# Data block

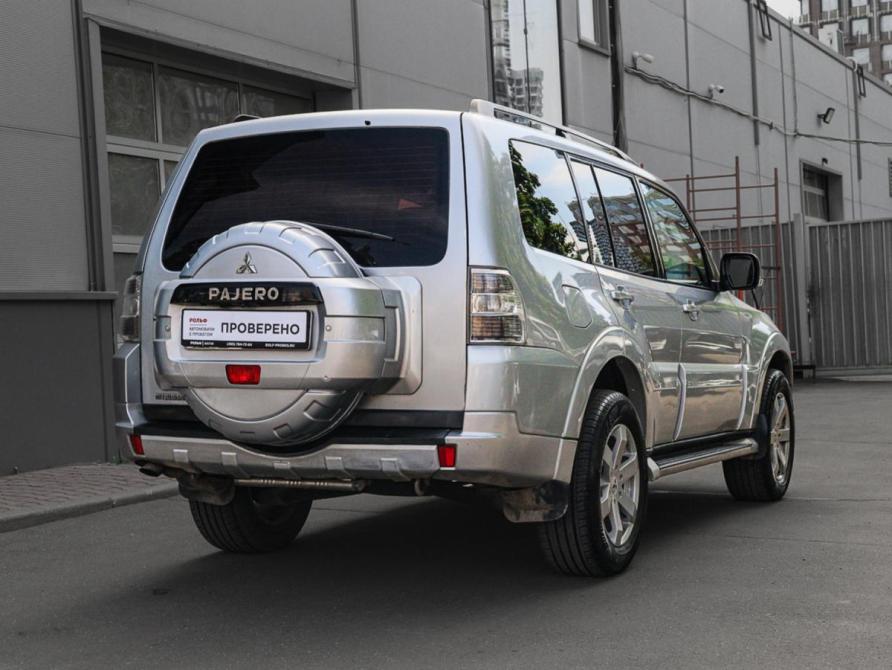 Mitsubishi Pajero IV Рестайлинг 1 Москва  - изображение 4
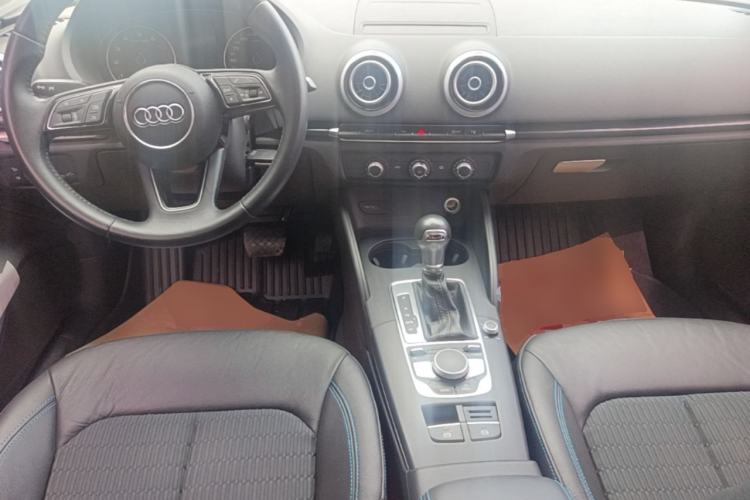 Used Audi A3 2017 Limousine 35 TFSI Fashion Model Center Console
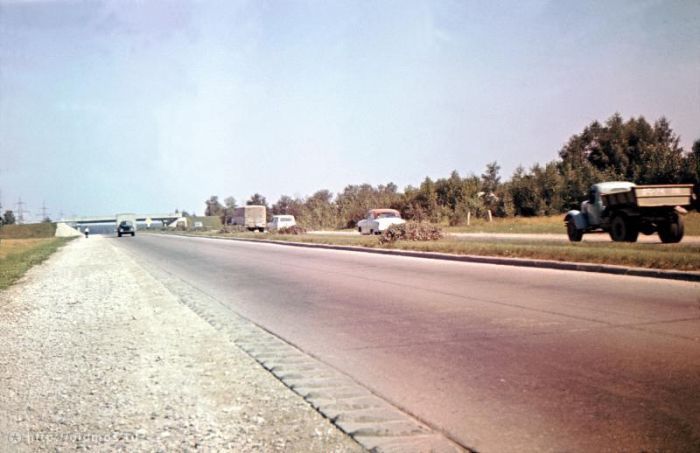 Московская кольцевая автомобильная дорога времена, знают, меняли, изображением, фотографий, подборочку, посмотрим, Давайте, перестраивали, началось, много, такое, Строительство, дорога, выглядела, знает, помнит, ездил, МКАДа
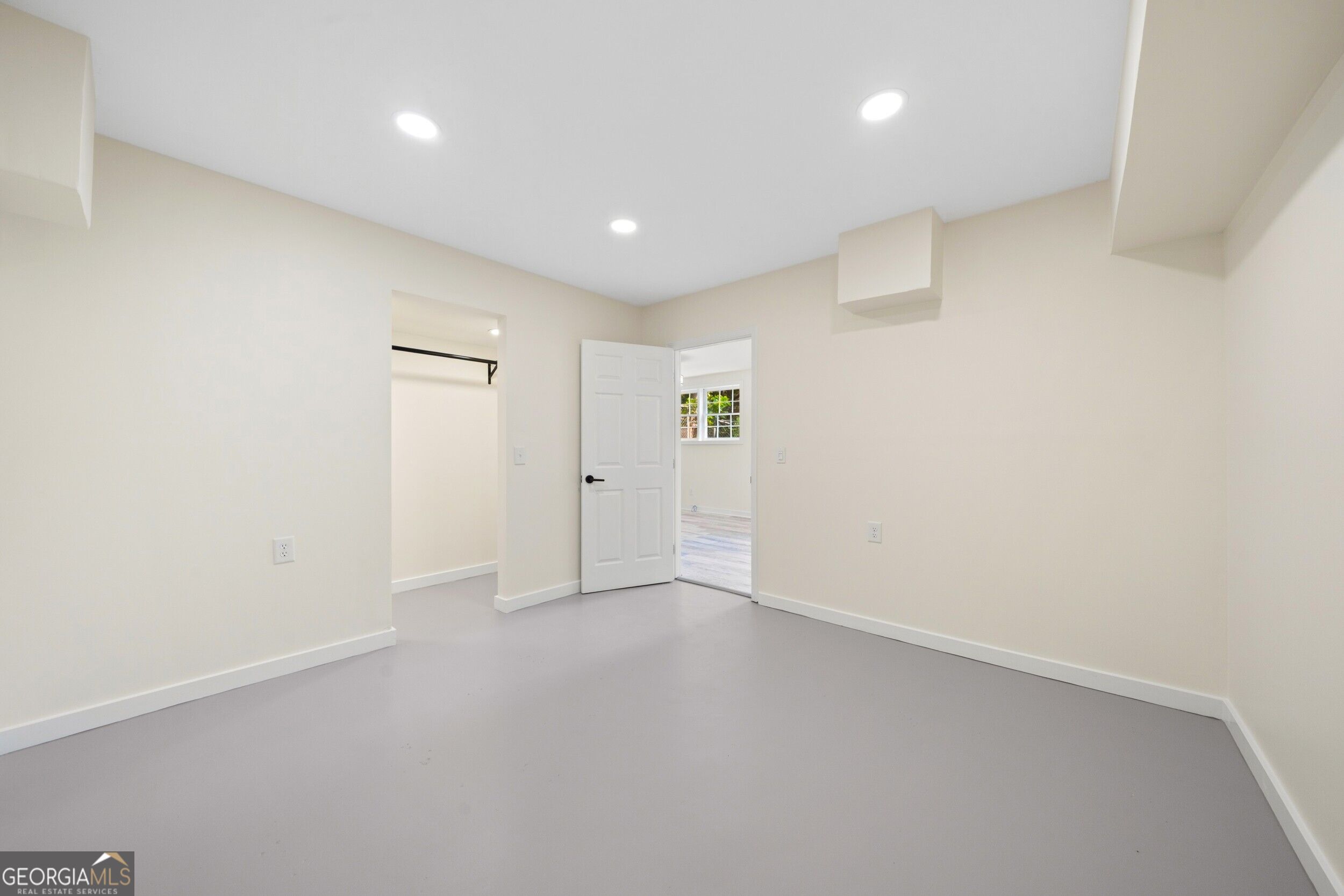 1415 Driftwood Court Property Photo 32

# Problem details
Print nothing except the lines from the one with "Used Audi A3" through the last line of the listing, exactly as written and with pictures removed.

# Output
 Used Audi A3 2017 Limousine 35 TFSI Fashion Model Center Console
 Московская кольцевая автомобильная дорога времена, знают, меняли, изображением, фотографий, подборочку, посмотрим, Давайте, перестраивали, началось, много, такое, Строительство, дорога, выглядела, знает, помнит, ездил, МКАДа
 1415 Driftwood Court Property Photo 32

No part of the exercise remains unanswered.